Some entities lack features that are reliably unique. Different people can have identical names; different books can have identical titles. You can usually find a composite of attributes that work as a primary key. For example, people rarely have identical names and identical addresses, and different books rarely have identical titles, authors, and publication dates.
A system-assigned primary key is usually preferable to a composite key. A system-assigned key is a number or code that is attached to each instance of an entity when the entity is first entered into the database. The easiest system-assigned keys to implement are serial numbers because the database server can generate them automatically. Informix database servers offer the SERIAL and SERIAL8 data types for serial numbers. However, the people who use the database might not like a plain numeric code. Other codes can be based on actual data; for example, an employee identification code could be based on a person's initials combined with the digits of the date that they were hired. In the telephone directory example, a system-assigned primary key is used for the name table.

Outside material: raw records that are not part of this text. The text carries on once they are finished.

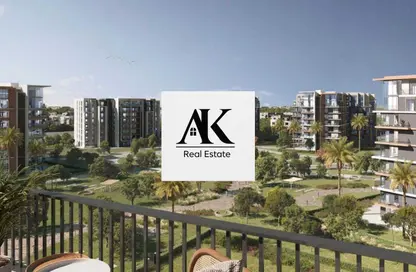 Apartment - 3 Bedrooms - 3 Bathrooms for sale in Zed East - 5th Settlement Compounds - The 5th Settlement - New Cairo City - Cairo Apartment - 3 Bedrooms - 3 Bathrooms for sale in Zed East - 5th Settlement Compounds - The 5th Settlement - New Cairo City - Cairo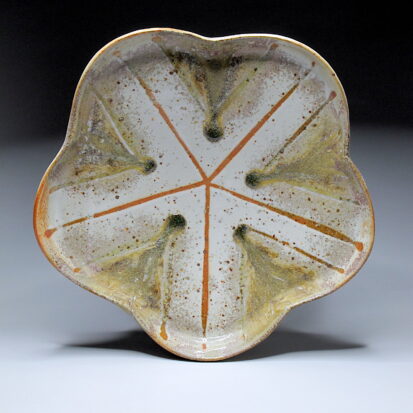 Hyleck Matthew OTW Pentaphyllum Platter 102024 Matt Hyleck
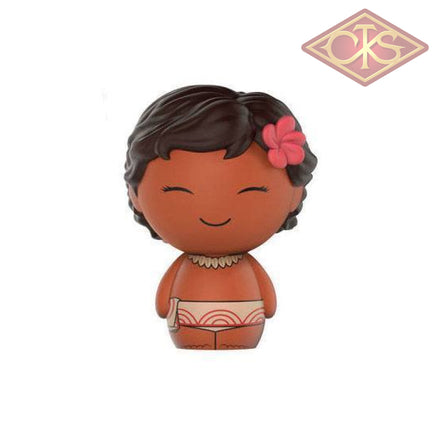 Funko Dorbz - Moana Young (196) Exclusive Figurines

A foreign key is a column or group of columns in one table that contains values that match the primary key in another table. Foreign keys are used to join tables. Figure 16 shows the primary and foreign keys of the customer and order tables from the demonstration database.
Foreign keys are noted wherever they appear in the model because their presence can restrict your ability to delete rows from tables. Before you can delete a row safely, either you must delete all rows that refer to it through foreign keys, or you must define the relationship with special syntax that allows you to delete rows from primary-key and foreign-key columns with a single delete command. The database server disallows deletes that violate referential integrity.
To preserve referential integrity, delete all foreign-key rows before you delete the primary key to which they refer. If you impose referential constraints on your database, the database server does not permit you to delete primary keys with matching foreign keys. It also does not permit you to add a foreign-key value that does not reference an existing primary-key value. For more information about referential integrity, see the IBM Informix: Guide to SQL Tutorial.
Figure 17 shows the initial choices of primary and foreign keys. This diagram reflects some important decisions.
For the name table, the primary key rec_num is chosen. The data type for rec_num is SERIAL. The values for rec_num are system generated. If you look at the other columns (or attributes) in the name table, you see that the data types that are associated with the columns are mostly character-based. None of these columns alone is a good candidate for a primary key. If you combine elements of the table into a composite key, you create a cumbersome key. The SERIAL data type gives you a key that you can also use to join other tables to the name table.
The voice, fax, modem, and address tables are each joined to name through the rec_num key.
For the voice, fax, and modem tables the telephone numbers are used as primary keys. The address table contains a special column (id_num) that serves no other purpose than to act as a primary key. This is done because if id_num did not exist then all of the other columns would have to be used together as a composite key in order to guarantee that no duplicate primary keys existed. Using all of the rows as a primary key would be very inefficient and confusing.